# New website - help, comments



## owen_wassell (Mar 6, 2009)

I have just uploaded my new site and would like any comments and help to make it better.

I know that there is little in the way of content at the moment but I plan to build up a larger portfolio of work that I am truly happy with to display.

I am quite new to this but I really want experience. If anyone needs a photographer or photoshop operator within the North West of England send me an e-mail. I will work for FREE - my details are on my site

OWEN WASSELL PHOTOGRAPHY

Cheers


----------



## woodbox (Mar 6, 2009)

well your website is clean and simple - which is good.
but i would work on your text in the about! 
as for the gallery - if you let user scroll at list give them bigger images to see.


----------



## owen_wassell (Mar 8, 2009)

Thanks alot mate,

I see what you mean about the picture sizes.
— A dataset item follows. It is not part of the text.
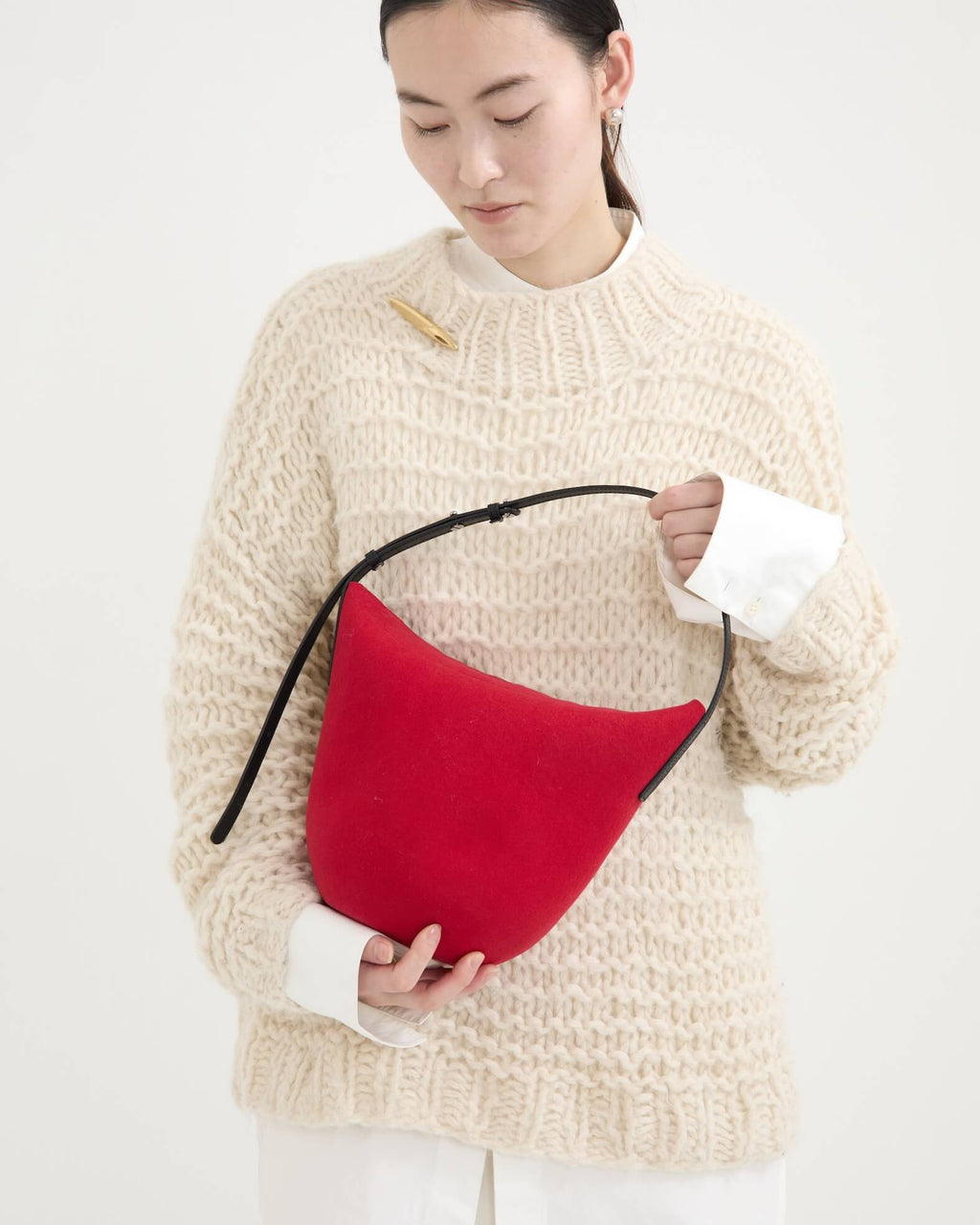 DELCIA BAG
I guess they could do with being a little bigger. I will tidy up the about section as well.

Thanks again


----------



## modlife (Mar 25, 2009)

Try out the airtight simpleviewer to clean up your gallery. It looks good, but is annoying to have to scroll.


----------



## twozero (Mar 25, 2009)

modlife said:


> Try out the airtight simpleviewer to clean up your gallery. It looks good, but is annoying to have to scroll.



agreed. breaking the h-scroll isn't the best idea. as most people want to use their mouse/trackpad to scroll which limits them to vertical scrolling (not always, but most).

also, the using images for text (galleries & about) does not make for the best Search Engine Optimization. Where ever possible, use text. I know this will limit your choices of fonts, but it will be worth it. however, there are flash plugins/scripts to allow using "non-web safe" fonts.

IMO, the kerning on the galleries/about tags is way too tight. I am a fan of tight kerning but that is extreme.

I do, however, like you photos. I just wish they were a little bigger.


----------